In one embodiment, gelsolin binding agents of the invention are expressed in the periplasm of gram negative bacteria and mixed with labeled gelsolin polypeptide. See WO 02/34886. In clones expressing recombinant polypeptides with affinity for the gelsolin polypeptide, the concentration of the labeled gelsolin polypeptide bound to the binding agents is increased and allows the cells to be isolated from the rest of the library as described in Harvey et al., Proc. Natl. Acad. Sci. 22:9193-98 (2004) and U.S. Pat. Publication No. 2004/0058403.

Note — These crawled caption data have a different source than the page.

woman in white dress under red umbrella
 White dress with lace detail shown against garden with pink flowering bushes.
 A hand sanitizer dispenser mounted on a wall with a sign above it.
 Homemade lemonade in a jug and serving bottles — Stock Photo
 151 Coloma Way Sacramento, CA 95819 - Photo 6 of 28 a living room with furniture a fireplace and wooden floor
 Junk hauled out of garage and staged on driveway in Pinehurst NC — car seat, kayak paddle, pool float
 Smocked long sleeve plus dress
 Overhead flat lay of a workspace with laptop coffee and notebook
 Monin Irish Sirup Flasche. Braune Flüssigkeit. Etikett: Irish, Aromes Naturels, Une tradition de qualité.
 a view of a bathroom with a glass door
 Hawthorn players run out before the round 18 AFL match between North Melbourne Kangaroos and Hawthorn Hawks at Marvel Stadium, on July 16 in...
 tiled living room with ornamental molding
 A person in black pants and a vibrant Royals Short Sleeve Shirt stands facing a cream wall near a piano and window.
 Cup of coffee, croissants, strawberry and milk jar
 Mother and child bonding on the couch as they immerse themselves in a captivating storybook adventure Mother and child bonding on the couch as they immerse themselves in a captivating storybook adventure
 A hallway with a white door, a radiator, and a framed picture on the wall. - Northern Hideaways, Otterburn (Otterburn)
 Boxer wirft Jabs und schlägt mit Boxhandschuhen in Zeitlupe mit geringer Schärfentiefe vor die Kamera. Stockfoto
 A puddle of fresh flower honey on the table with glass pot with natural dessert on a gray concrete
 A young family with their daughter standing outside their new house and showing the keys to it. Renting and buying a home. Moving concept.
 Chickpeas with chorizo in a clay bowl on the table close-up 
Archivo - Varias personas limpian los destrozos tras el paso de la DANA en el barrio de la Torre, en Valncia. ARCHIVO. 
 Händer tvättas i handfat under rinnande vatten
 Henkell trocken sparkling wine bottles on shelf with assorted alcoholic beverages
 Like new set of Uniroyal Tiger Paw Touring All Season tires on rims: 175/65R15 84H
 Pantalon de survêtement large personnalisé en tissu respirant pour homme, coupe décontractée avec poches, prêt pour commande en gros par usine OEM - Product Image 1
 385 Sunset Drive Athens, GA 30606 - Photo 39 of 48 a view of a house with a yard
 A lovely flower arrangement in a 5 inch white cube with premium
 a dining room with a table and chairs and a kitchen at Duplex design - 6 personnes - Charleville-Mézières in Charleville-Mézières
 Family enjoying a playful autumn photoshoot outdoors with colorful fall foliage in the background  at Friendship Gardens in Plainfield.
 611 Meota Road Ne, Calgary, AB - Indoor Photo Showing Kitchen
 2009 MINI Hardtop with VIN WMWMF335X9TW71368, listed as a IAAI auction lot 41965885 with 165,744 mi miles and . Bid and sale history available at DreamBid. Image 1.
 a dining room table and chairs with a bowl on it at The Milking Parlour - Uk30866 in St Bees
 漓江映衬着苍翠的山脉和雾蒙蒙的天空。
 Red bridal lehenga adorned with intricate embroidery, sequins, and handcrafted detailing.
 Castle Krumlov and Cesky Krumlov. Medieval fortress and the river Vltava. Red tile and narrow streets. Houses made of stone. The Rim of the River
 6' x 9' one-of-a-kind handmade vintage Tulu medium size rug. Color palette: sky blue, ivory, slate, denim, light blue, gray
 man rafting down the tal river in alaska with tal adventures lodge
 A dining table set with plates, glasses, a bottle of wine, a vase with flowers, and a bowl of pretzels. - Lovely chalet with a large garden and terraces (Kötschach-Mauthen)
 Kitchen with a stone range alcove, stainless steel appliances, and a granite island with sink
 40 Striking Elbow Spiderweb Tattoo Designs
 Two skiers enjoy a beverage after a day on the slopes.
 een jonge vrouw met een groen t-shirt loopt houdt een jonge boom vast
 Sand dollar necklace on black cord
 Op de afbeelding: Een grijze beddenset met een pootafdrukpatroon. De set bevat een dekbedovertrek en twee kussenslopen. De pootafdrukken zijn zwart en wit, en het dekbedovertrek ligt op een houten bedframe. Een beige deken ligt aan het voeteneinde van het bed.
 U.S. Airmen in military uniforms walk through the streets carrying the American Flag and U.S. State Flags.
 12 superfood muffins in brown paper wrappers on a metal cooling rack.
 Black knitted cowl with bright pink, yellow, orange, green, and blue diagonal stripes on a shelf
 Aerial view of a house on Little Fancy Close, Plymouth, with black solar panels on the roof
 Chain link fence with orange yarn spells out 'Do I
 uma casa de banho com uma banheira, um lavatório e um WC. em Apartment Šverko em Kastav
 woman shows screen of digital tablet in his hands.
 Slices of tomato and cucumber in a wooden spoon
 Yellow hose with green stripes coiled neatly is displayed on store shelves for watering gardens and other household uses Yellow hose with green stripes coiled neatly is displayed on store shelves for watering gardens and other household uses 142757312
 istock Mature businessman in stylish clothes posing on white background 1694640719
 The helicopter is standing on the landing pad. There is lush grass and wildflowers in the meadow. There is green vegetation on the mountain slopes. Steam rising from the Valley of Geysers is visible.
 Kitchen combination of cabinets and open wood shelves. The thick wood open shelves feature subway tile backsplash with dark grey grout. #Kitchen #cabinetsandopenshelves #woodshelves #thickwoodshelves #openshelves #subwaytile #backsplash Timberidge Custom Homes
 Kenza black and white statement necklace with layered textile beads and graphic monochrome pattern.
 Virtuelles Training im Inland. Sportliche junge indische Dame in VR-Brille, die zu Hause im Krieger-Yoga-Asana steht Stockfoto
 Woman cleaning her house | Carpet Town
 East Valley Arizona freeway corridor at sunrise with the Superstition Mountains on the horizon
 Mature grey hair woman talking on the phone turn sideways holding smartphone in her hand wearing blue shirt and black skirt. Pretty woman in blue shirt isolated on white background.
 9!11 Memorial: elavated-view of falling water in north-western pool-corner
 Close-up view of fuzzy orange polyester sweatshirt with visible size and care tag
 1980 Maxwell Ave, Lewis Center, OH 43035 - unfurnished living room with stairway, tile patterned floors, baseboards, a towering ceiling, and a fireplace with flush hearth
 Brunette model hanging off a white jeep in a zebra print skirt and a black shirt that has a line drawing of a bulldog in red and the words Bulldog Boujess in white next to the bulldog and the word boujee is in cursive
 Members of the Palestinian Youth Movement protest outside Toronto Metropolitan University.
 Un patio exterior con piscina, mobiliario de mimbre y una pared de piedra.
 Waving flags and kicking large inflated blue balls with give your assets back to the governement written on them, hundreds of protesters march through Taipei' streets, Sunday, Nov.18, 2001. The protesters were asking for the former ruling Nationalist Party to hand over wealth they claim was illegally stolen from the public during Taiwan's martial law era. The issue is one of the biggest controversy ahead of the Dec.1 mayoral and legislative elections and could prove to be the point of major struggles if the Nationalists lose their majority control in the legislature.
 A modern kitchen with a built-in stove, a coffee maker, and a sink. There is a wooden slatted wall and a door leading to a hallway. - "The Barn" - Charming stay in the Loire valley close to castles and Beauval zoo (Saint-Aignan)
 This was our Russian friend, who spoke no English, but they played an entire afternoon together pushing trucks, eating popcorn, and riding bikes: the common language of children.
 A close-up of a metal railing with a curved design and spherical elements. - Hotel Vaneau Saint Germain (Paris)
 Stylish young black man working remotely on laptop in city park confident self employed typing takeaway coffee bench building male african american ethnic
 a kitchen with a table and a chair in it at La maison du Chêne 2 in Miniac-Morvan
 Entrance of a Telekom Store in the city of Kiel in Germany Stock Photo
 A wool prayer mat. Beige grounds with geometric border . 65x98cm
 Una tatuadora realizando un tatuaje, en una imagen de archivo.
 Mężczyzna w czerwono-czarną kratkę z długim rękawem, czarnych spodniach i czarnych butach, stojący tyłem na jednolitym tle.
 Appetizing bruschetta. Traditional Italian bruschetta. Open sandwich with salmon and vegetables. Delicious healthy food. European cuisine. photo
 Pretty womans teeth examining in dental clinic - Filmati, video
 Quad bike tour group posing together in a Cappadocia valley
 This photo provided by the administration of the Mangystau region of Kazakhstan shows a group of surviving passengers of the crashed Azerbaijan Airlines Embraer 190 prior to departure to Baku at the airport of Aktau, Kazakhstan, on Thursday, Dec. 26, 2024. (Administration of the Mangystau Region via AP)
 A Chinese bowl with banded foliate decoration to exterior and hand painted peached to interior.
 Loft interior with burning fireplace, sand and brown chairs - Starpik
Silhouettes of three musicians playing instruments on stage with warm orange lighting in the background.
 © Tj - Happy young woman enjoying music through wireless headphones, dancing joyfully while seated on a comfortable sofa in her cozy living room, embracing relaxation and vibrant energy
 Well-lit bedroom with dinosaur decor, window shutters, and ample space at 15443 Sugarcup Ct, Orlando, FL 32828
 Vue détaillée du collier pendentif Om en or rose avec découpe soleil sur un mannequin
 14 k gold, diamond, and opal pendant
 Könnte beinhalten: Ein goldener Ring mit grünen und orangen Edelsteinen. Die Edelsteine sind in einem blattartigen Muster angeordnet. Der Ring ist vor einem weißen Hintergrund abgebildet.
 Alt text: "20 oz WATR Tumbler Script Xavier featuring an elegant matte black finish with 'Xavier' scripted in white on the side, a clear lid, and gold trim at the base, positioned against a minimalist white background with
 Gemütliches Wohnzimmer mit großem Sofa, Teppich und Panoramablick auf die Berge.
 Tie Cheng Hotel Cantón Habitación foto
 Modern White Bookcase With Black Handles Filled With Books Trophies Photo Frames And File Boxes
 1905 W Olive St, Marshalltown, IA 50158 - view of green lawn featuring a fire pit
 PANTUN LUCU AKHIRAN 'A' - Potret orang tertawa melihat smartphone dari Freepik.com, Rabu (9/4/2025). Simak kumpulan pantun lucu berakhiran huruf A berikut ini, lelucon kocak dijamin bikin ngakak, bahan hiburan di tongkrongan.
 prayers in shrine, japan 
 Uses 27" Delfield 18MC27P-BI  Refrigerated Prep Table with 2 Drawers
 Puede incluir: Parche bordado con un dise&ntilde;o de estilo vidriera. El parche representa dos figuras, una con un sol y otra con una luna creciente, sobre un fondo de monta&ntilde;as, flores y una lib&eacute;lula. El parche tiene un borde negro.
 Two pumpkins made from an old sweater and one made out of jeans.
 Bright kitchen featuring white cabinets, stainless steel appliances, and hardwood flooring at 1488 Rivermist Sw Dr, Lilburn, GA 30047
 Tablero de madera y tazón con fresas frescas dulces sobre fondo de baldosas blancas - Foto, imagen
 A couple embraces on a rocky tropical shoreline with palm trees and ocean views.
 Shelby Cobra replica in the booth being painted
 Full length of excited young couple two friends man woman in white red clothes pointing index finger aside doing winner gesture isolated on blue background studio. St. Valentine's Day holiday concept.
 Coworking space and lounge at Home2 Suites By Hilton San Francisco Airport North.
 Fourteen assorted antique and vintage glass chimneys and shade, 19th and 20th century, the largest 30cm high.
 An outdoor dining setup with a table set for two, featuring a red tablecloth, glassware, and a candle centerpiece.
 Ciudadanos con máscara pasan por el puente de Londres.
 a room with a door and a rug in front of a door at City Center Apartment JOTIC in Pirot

After selection of the desired gelsolin binding agent, it is contemplated that it can be produced in large volume by any technique known to those skilled in the art, e.g., prokaryotic or eukaryotic cell expression and the like. The gelsolin binding agents which are, e.g., but not limited to, anti-gelsolin hybrid antibodies or fragments can be produced by using conventional techniques to construct an expression vector that encodes an antibody heavy chain in which the CDRs and, if necessary, a minimal portion of the variable region framework, that are required to retain original species antibody binding specificity (as engineered according to the techniques described herein) are derived from the originating species antibody and the remainder of the antibody is derived from a target species immunoglobulin which can be manipulated as described herein, thereby producing a vector for the expression of a hybrid antibody heavy chain.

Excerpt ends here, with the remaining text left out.